SEP 29, 2017 12:13 PM PDT

Light signals algae to stick

WRITTEN BY: Kerry Evans

Algae like Chlamydomonas use sunlight to perform photosynthesis, that’s old news. New research by Oliver Bäumchen from the Göttingen Max Planck Institute, however, shows that sunlight also tells algae when to adhere to surfaces. (That's new news.) According to Bäumchen, “in experiments with green algae, we found that the algae are sticky and able to adhere to surfaces only under certain light conditions.”

 

The green alga Chlamydomonas

Image: Kenneth Ramos

To the armchair naturalist, this finding is pretty interesting on its own. To the people cultivating algae for biofuels, this finding is more than pretty interesting - it could change the way algae are grown in bioreactors.

Currently, bioreactors aren’t as efficient as they could be because algae stick to the surface of the culture containers - decreasing the amount of light that makes it into the entire culture. No light, no photosynthesis. No photosynthesis, no biofuel. Thus, Bäumchen’s research could help grow a better batch of biofuel.

The group used micropipette force sensors (which I don’t claim to fully understand) to measure the force of flagella-mediated adhesion to a surface in response to different wavelengths of light.
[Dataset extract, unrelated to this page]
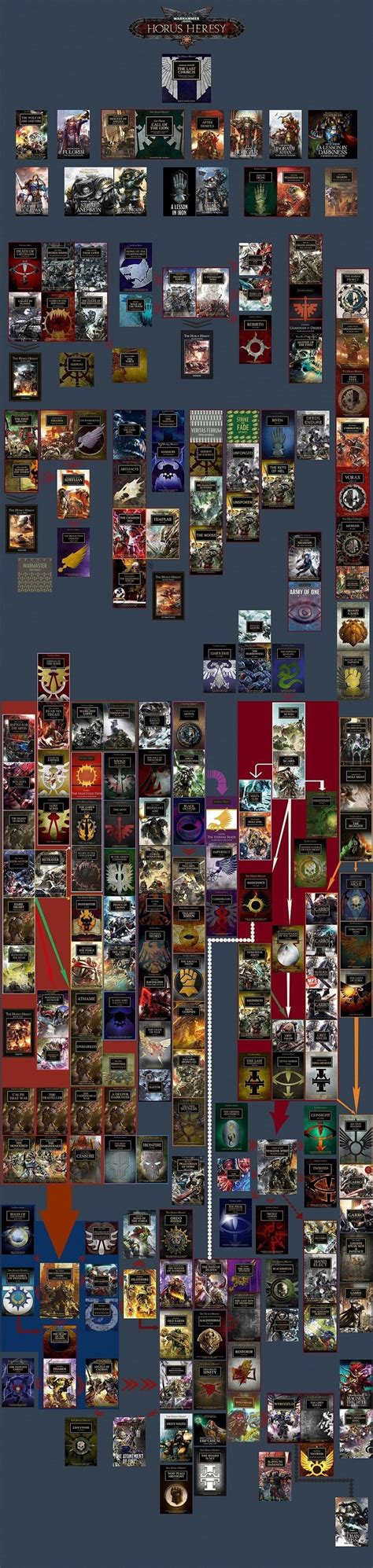 Horus Heresy books in what seems like chronological order : r/Warhammer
Interestingly, they showed that adhesion could be switched on and off, as it were, by switching from white to red light.

Specifically, adhesion peaked when cells were exposed to blue light, suggesting that adhesion is mediated by a blue-light receptor in the algae - possibly phototropin or channelrhodopsins. This switch is surprisingly fast, after the white light was turned on, it took 10.6 ± 9.2 seconds for the flagella to make an adhesive contact with the surface.

Just how do cells make this switch from a free-living to adherent lifestyle? In a particularly clever experiment, Bäumchen and his group tested the effect of proteolysis on light-mediated adhesion. That is, they tested whether some surface-exposed protein mediated the surface attachment.

Under white light, treatment with a protease decreased adhesion. However (here’s the clever part), when they applied the protease under red light and then switched to white light, the cells adhered! This suggests that adhesion-promoting surface proteins are only exposed under adhesion-promoting light conditions!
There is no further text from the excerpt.